> _Exercise goal_
Exactly and only the lines below from the one containing "Boy Picking Blackberries" down to the one containing "label view of adult Setagrotis sp." are wanted, both included; please exclude every picture.

> _Records provided_
- Opening Delimiter -

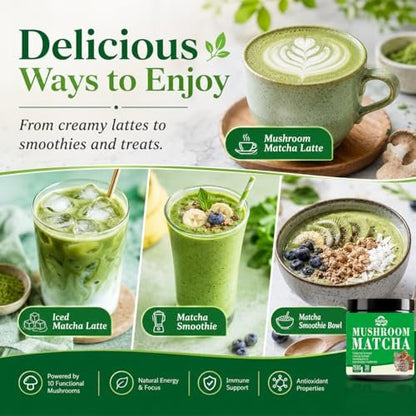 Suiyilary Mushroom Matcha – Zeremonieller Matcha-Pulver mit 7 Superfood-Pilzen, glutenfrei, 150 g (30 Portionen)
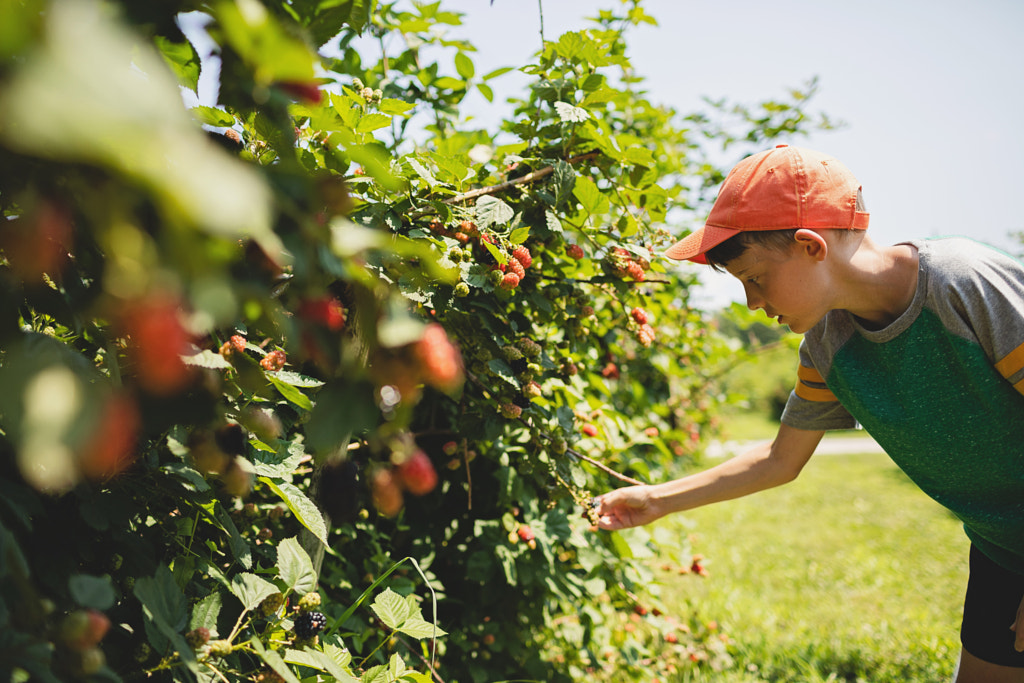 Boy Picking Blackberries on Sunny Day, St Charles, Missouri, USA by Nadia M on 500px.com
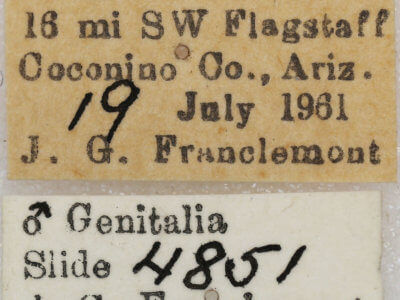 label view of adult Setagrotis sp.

- Closing Delimiter -
- Opening Delimiter -

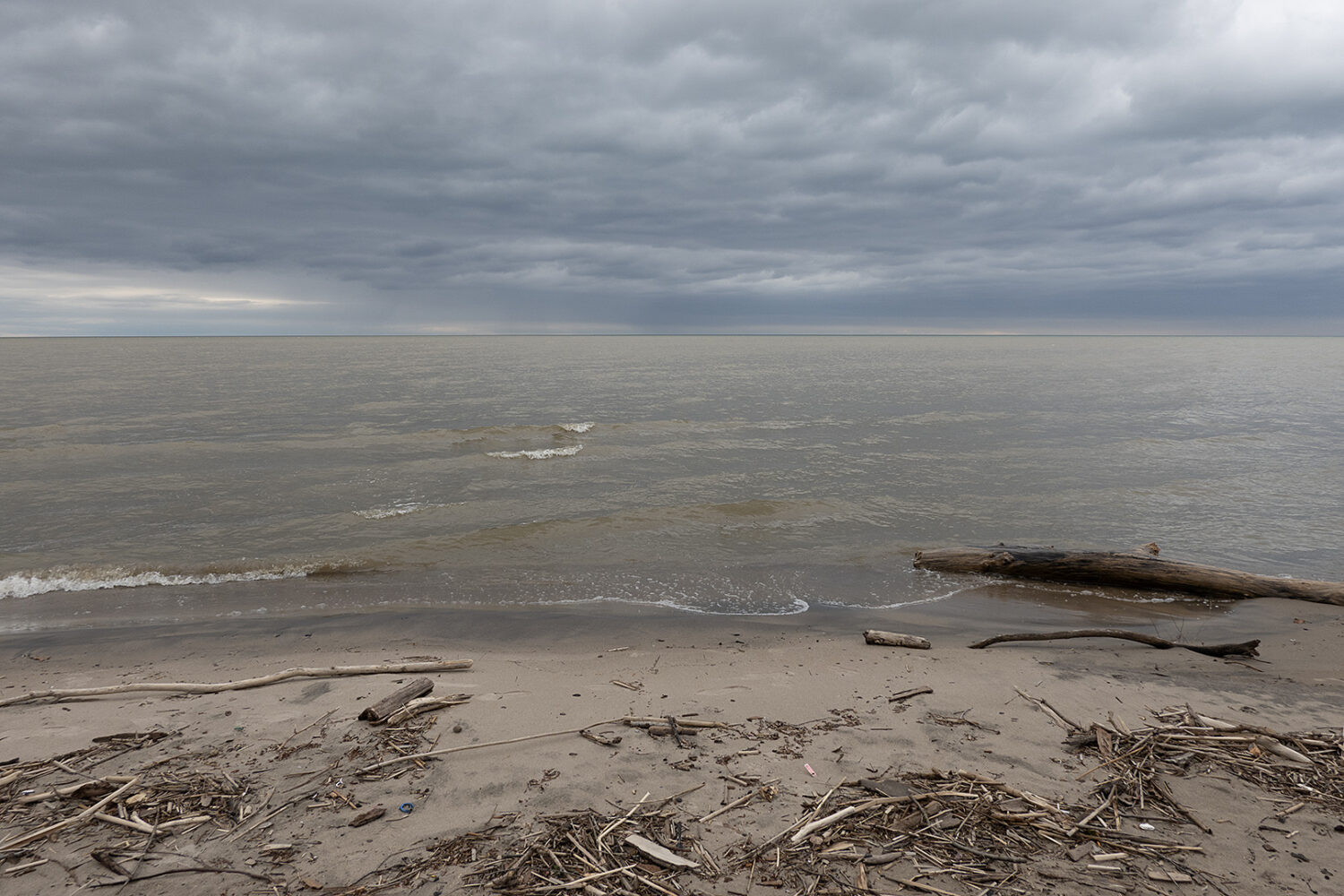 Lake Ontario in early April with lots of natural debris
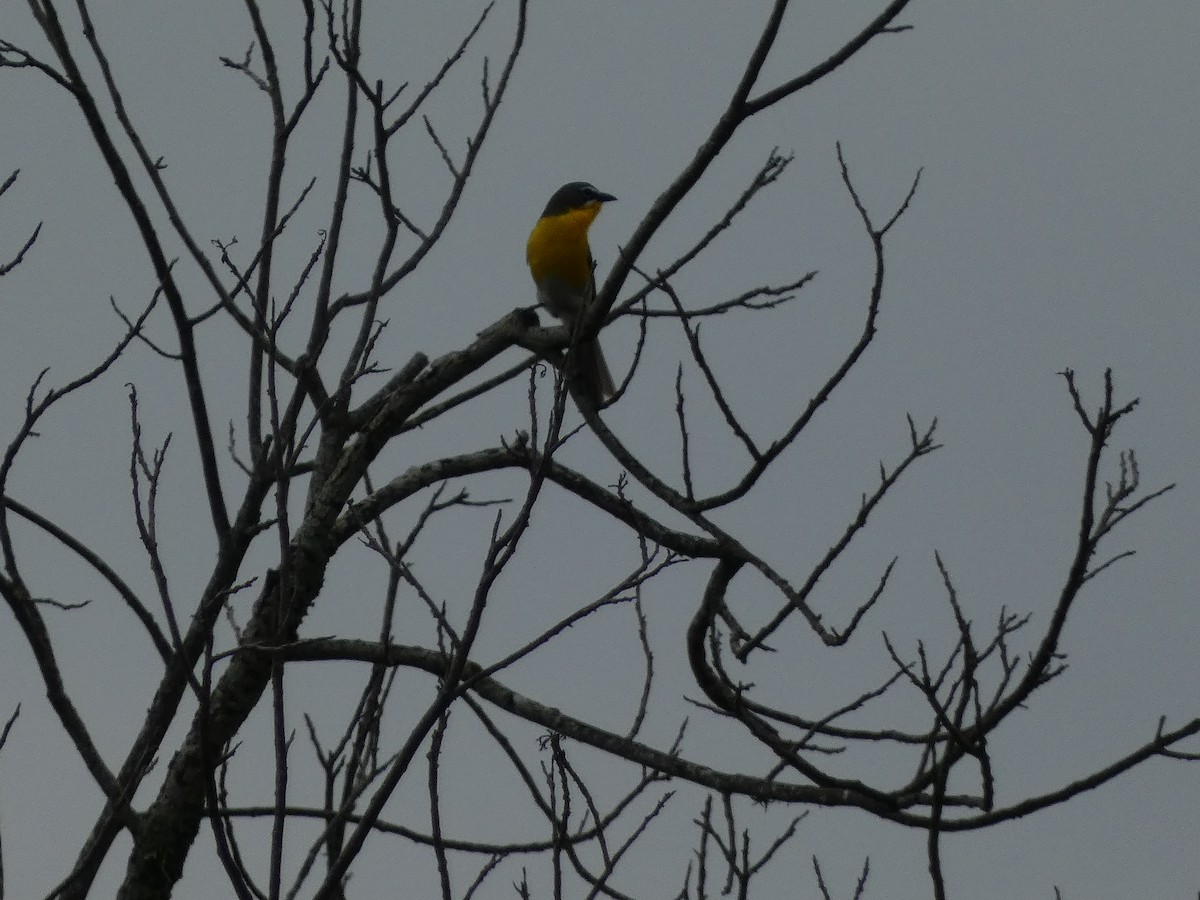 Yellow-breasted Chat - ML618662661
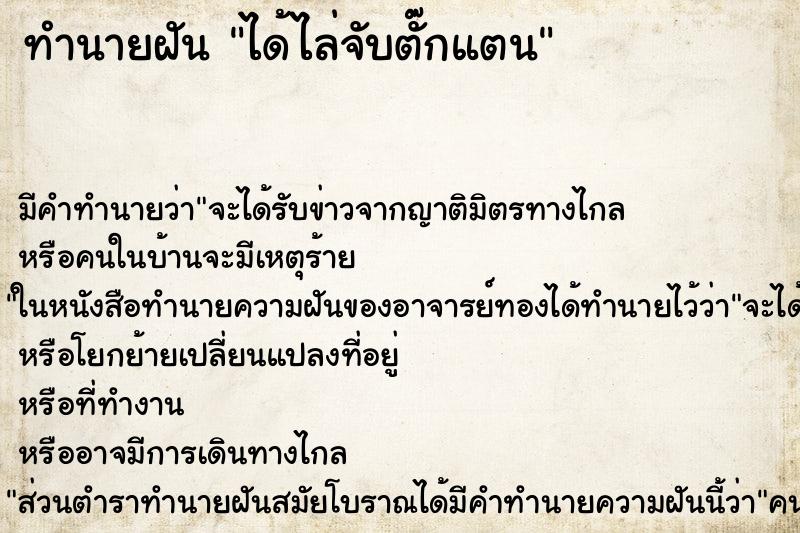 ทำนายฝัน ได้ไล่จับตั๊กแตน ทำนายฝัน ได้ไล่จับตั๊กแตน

- Closing Delimiter -

> _Exercise solution_
 Boy Picking Blackberries on Sunny Day, St Charles, Missouri, USA by Nadia M on 500px.com
 label view of adult Setagrotis sp.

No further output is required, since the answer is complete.